- [Description of the task]
Include in the output the line containing "Large Capacity Makeup" and each subsequent line of the records, through the end, transcribed exactly. Add nothing else.

-------- Given entries --------

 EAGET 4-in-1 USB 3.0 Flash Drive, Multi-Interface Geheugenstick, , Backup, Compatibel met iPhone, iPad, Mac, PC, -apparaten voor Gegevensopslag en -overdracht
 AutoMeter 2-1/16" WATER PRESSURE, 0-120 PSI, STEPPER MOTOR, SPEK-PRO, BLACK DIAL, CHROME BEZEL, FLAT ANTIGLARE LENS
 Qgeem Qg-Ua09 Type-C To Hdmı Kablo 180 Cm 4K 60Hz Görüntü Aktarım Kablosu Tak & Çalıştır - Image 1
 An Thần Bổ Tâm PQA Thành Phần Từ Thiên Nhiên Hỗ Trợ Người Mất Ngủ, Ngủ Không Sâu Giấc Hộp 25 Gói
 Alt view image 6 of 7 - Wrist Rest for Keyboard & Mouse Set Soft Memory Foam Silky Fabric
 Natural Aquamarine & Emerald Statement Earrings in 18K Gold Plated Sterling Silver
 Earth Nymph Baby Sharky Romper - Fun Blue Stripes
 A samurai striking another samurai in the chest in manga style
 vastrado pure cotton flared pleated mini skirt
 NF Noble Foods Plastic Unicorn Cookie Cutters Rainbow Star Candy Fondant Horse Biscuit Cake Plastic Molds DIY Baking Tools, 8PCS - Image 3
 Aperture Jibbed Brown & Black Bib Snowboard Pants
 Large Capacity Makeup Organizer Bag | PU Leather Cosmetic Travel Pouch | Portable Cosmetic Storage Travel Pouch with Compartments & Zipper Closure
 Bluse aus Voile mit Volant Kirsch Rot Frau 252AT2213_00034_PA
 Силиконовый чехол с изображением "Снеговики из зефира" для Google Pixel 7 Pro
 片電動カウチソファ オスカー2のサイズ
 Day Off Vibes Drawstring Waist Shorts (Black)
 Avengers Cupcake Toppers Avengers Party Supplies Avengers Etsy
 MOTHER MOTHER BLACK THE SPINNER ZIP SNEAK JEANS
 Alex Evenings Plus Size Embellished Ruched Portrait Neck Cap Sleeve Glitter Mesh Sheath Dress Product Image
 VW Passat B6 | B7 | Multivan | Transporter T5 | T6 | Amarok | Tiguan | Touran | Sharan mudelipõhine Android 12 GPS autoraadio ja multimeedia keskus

--------

- [Solution to this problem]
 Large Capacity Makeup Organizer Bag | PU Leather Cosmetic Travel Pouch | Portable Cosmetic Storage Travel Pouch with Compartments & Zipper Closure
 Bluse aus Voile mit Volant Kirsch Rot Frau 252AT2213_00034_PA
 Силиконовый чехол с изображением "Снеговики из зефира" для Google Pixel 7 Pro
 片電動カウチソファ オスカー2のサイズ
 Day Off Vibes Drawstring Waist Shorts (Black)
 Avengers Cupcake Toppers Avengers Party Supplies Avengers Etsy
 MOTHER MOTHER BLACK THE SPINNER ZIP SNEAK JEANS
 Alex Evenings Plus Size Embellished Ruched Portrait Neck Cap Sleeve Glitter Mesh Sheath Dress Product Image
 VW Passat B6 | B7 | Multivan | Transporter T5 | T6 | Amarok | Tiguan | Touran | Sharan mudelipõhine Android 12 GPS autoraadio ja multimeedia keskus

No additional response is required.